The New York Times’ report, said it is significant because it appears to show that the alleged bribes were a substantial part of its business methods, and more than routine payments to speed up approvals, which are allowed under U.S. law.
The newspaper said the world’s largest retailer opened some 19 stores by using hundreds of thousands of dollars in bribes to get what local laws otherwise prohibited.
The latest story describes $765,000 in bribes that allowed Walmex to build a refrigerated distribution center in an environmentally fragile area where electricity was scarce and smaller developers were turned away. It also describes in detail how Walmex allegedly paid $52,000 to change a zoning map so it could open a store near the ancient pyramids in Teotihuacan.

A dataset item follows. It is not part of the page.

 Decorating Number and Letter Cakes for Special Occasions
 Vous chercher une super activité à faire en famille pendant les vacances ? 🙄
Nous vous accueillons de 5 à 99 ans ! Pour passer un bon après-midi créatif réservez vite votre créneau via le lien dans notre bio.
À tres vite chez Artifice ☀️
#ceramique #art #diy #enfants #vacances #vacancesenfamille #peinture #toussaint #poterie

It is difficult to put a ballpark figure on any settlement, especially because the U.S. investigation of Wal-Mart is in early stages, but experts said it could rival other major FCPA cases.

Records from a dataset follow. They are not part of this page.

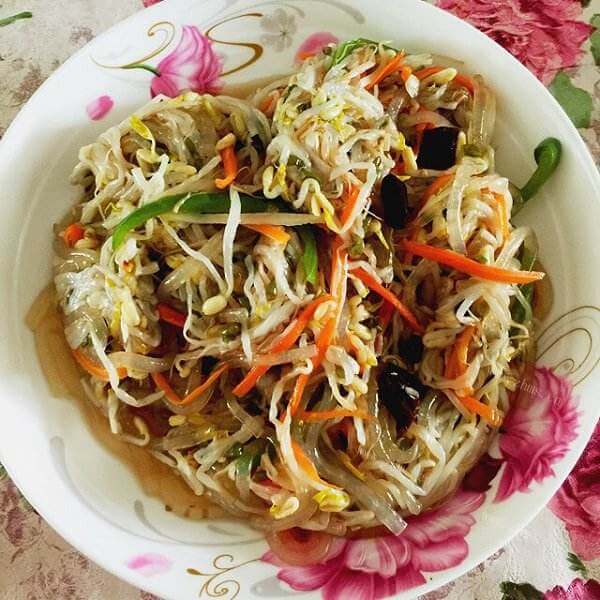 家常菜凉拌豆芽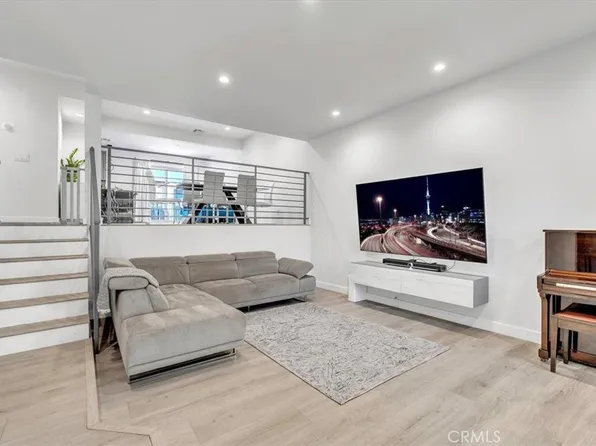 22525 Sherman Way Unit 702, West Hills, CA 91307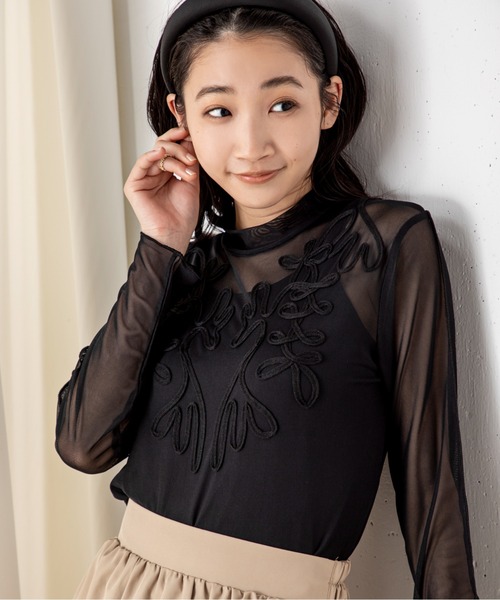 MILLION CARATS(ミリオンカラッツ)の「立体感のある大きめの刺繍がコーディネートに上品なアクセントを加えるテープ刺繍シアーカットソー(Tシャツ/カットソー・レディース・オフホワイト/ブラック・FREE)」の19枚目の写真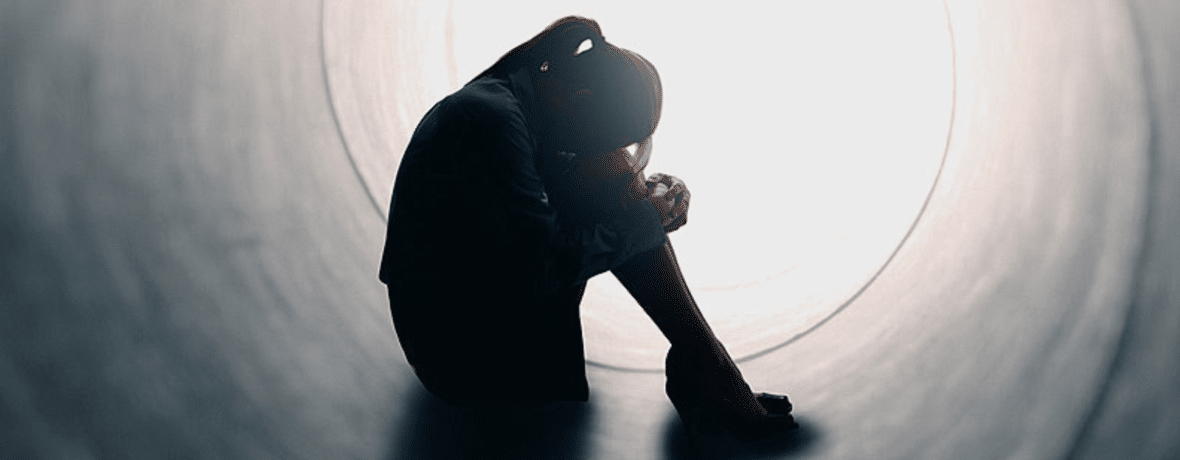 Suicidio in adolescenza: l'importanza di interventi preventivi a scuola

In the largest FCPA case to date, Siemens (SIEGn.DE) paid $800 million to resolve allegations of widespread bribery in 2008. In other sizable cases, KBR (KBR.N) and its former parent Halliburton (HAL.N) paid $579 million in 2009, and BAE Systems (BAES.L) paid $400 million in 2010.
The Justice Department usually calculates fines in foreign bribery cases either by levying a per-violation fine or a penalty tied to the profits a company earned through the alleged bribery. Related SEC settlements usually also involve disgorging profits earned due to the bribery.
Including Walmex’s profits at stores throughout Mexico could prove a sizable fine. It is unclear how many of the roughly 2,000 locations in Mexico could be included.
The company’s costs to conduct the entire investigation – which already stand at $100 million – could be larger than its eventual fines, lawyers said.
Wal-Mart is now being proactive with other measures that could deter some fines or actions from the authorities. When settling FCPA cases, companies are usually required to make some management changes and overhaul their compliance programs.
In October the company said it reorganized its compliance department and created a new global chief compliance officer position as part of an overhaul of its anti-corruption efforts.
The company has spent some $35 million to update its anti-corruption program and has named a new chief compliance officer for Wal-Mart International and a new vice president of global investigations, which are both new positions for the company. It also named a new chief compliance officer for Walmex, and created a new global FCPA compliance officer position.
Unfortunately for Walmart, the compliance positions come a bit late. If they had put these positions and protocols in place previously, they might not have found themselves in such a precarious position – both from a financial and reputational perspective.